→ Collected data
:::::

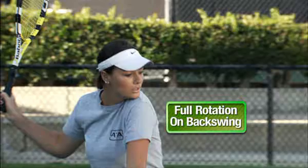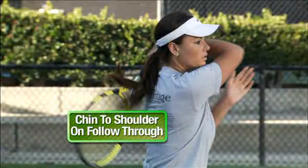Nice full shoulder turn back and nice still head on the follow through.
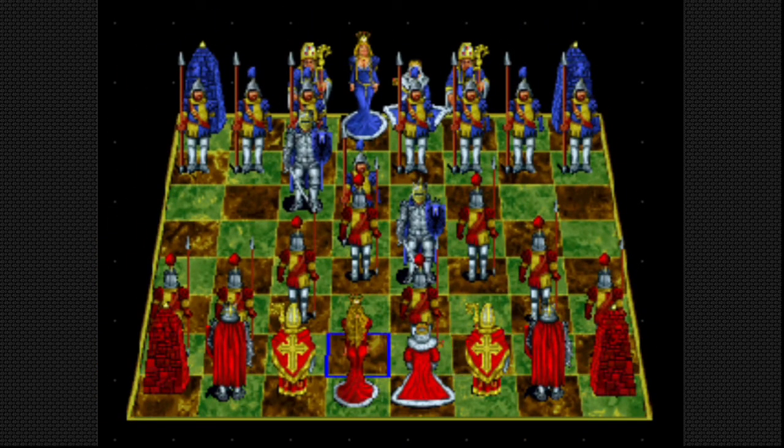Alright, the knight is moving and he can get this guy. So we can get this guy, but that guy is pretty cool. So this guy is not going to be unprotected. Let's move him up.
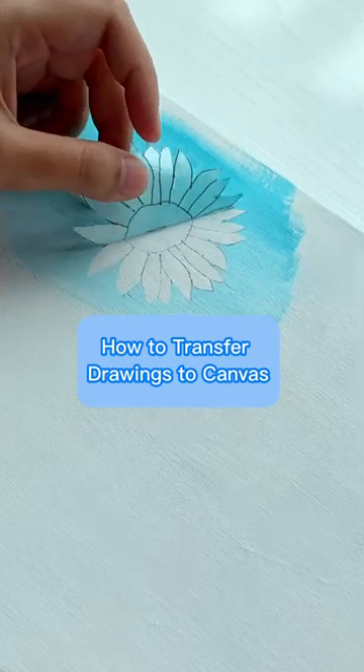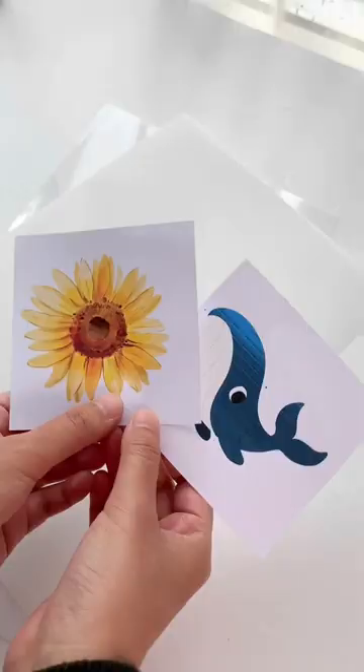How to Transfer Drawings to Canvas. You need a transfer paper and a tracing paper, optional.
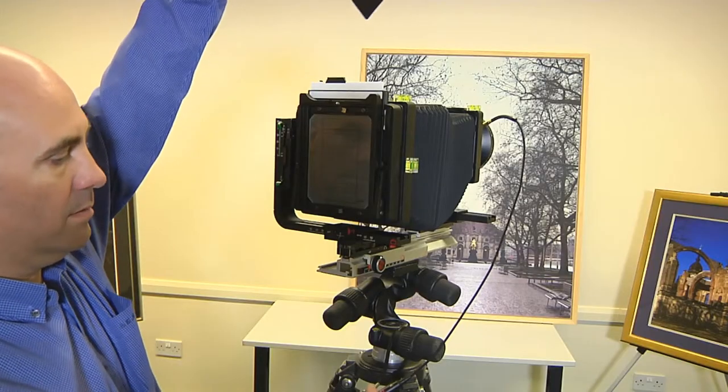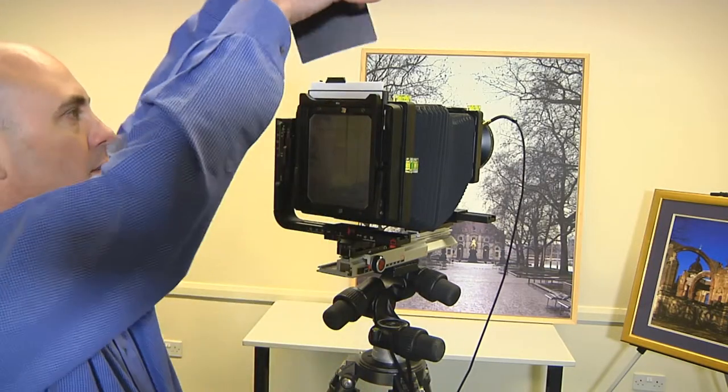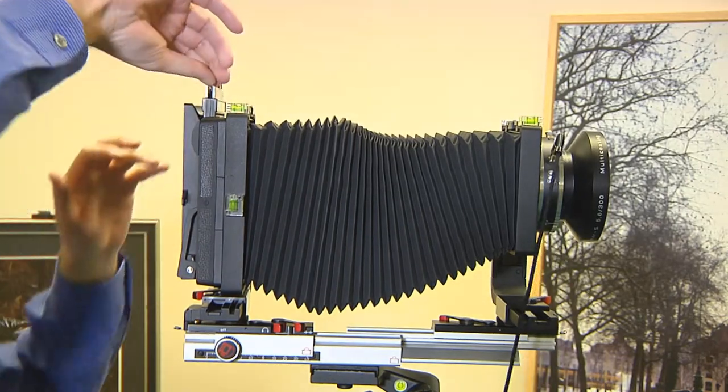The blind slide is then removed, the shutter released, and the blind slide reinserted. Job done.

:::::

→ What you need to do
Please reproduce the data above word for word, skipping all images.

→ Your solution
Nice full shoulder turn back and nice still head on the follow through.
Alright, the knight is moving and he can get this guy. So we can get this guy, but that guy is pretty cool. So this guy is not going to be unprotected. Let's move him up.
How to Transfer Drawings to Canvas. You need a transfer paper and a tracing paper, optional.
The blind slide is then removed, the shutter released, and the blind slide reinserted. Job done.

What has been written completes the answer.